→ **WHAT IS EXPECTED**
Your reply should be the entries, output word for word, with each picture omitted.

→ **TASK INPUTS**
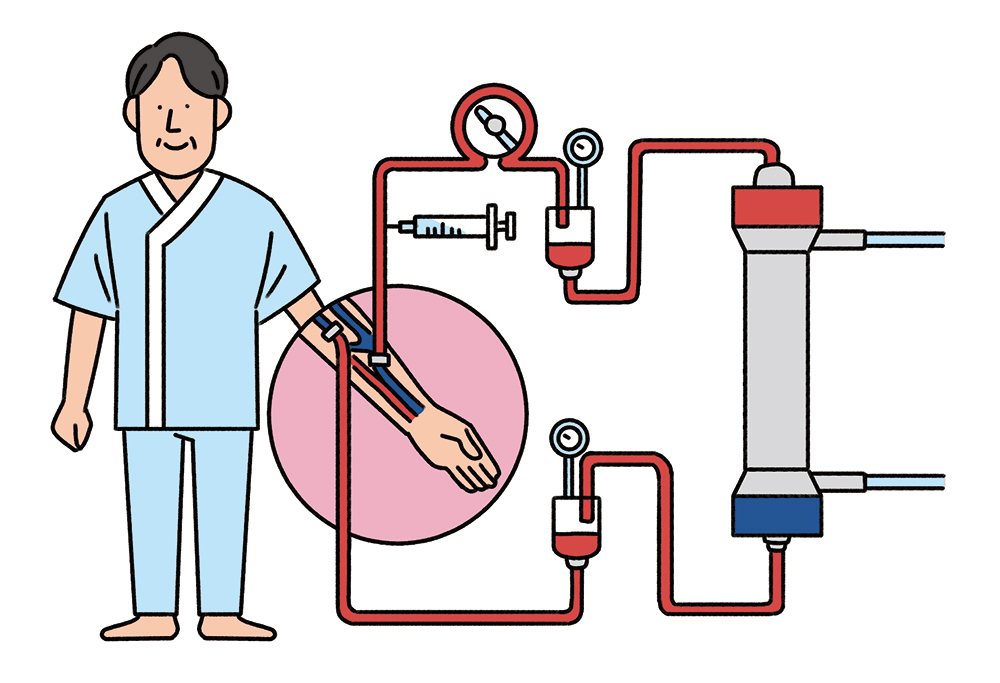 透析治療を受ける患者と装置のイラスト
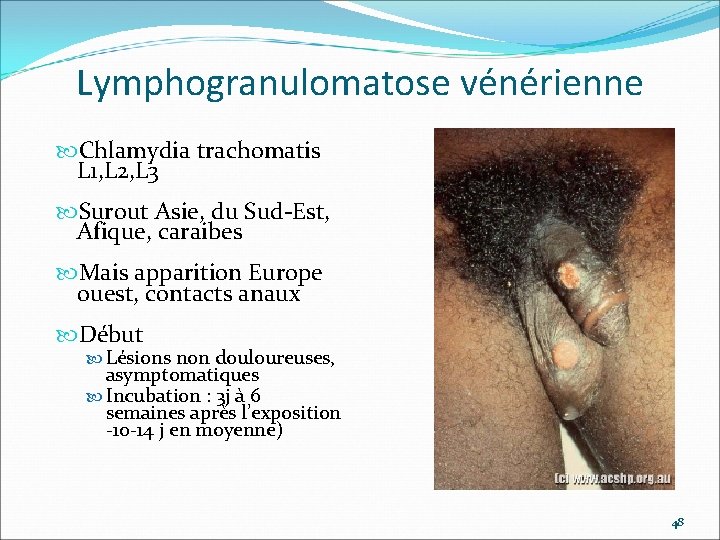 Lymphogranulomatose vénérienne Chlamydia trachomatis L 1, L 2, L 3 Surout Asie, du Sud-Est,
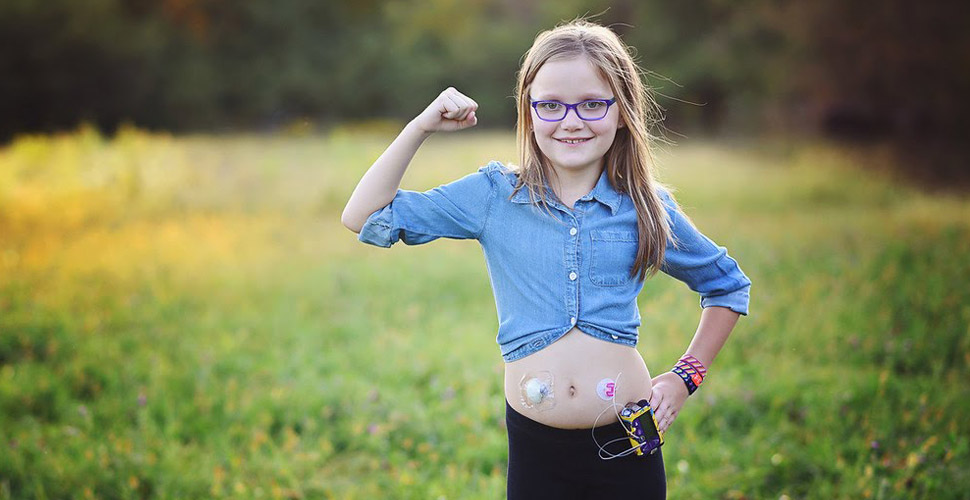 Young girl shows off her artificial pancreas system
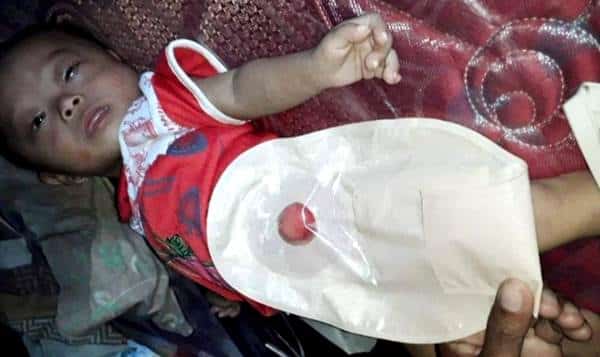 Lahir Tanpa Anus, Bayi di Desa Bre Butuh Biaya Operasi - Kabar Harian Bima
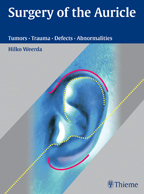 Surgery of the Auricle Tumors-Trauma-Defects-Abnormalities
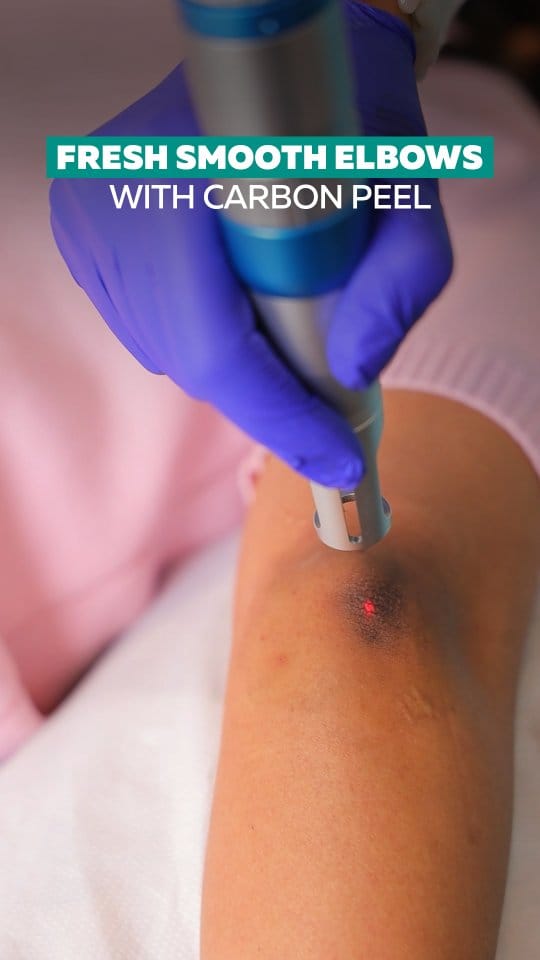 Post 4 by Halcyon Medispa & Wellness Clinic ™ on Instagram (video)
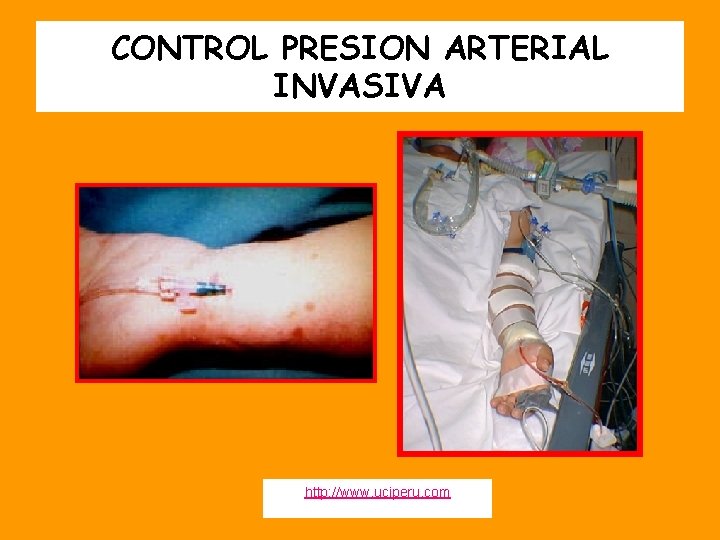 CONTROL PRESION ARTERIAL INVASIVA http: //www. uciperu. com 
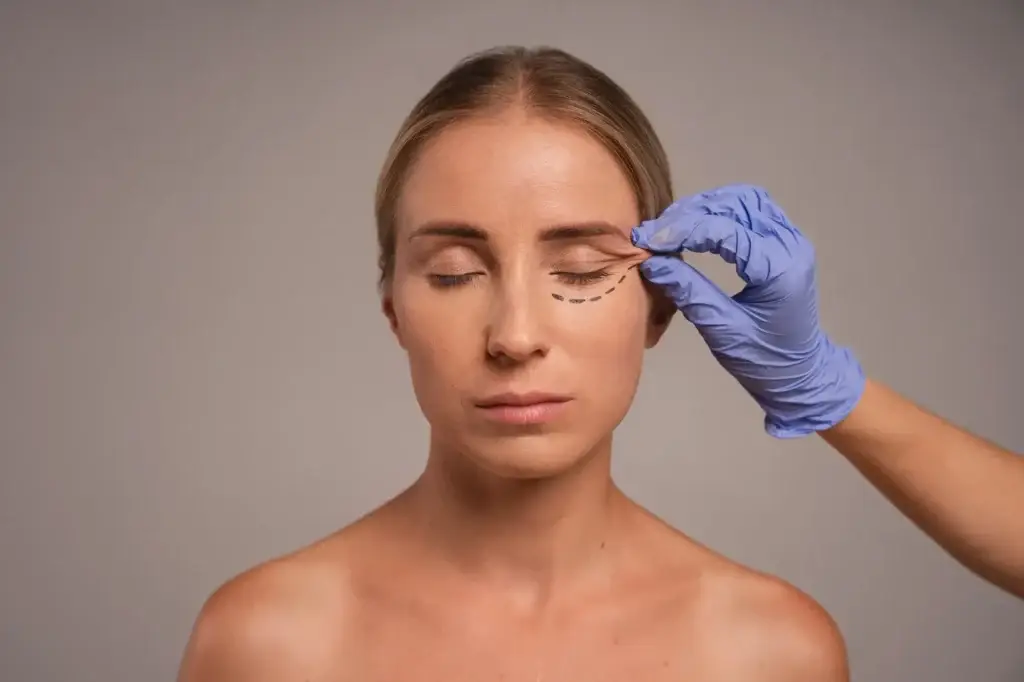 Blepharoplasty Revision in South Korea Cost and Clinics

→ **ANSWER BELOW**
 透析治療を受ける患者と装置のイラスト
 Lymphogranulomatose vénérienne Chlamydia trachomatis L 1, L 2, L 3 Surout Asie, du Sud-Est,
 Young girl shows off her artificial pancreas system
 Lahir Tanpa Anus, Bayi di Desa Bre Butuh Biaya Operasi - Kabar Harian Bima
 Surgery of the Auricle Tumors-Trauma-Defects-Abnormalities
 Post 4 by Halcyon Medispa & Wellness Clinic ™ on Instagram (video)
 CONTROL PRESION ARTERIAL INVASIVA http: //www. uciperu. com 
 Blepharoplasty Revision in South Korea Cost and Clinics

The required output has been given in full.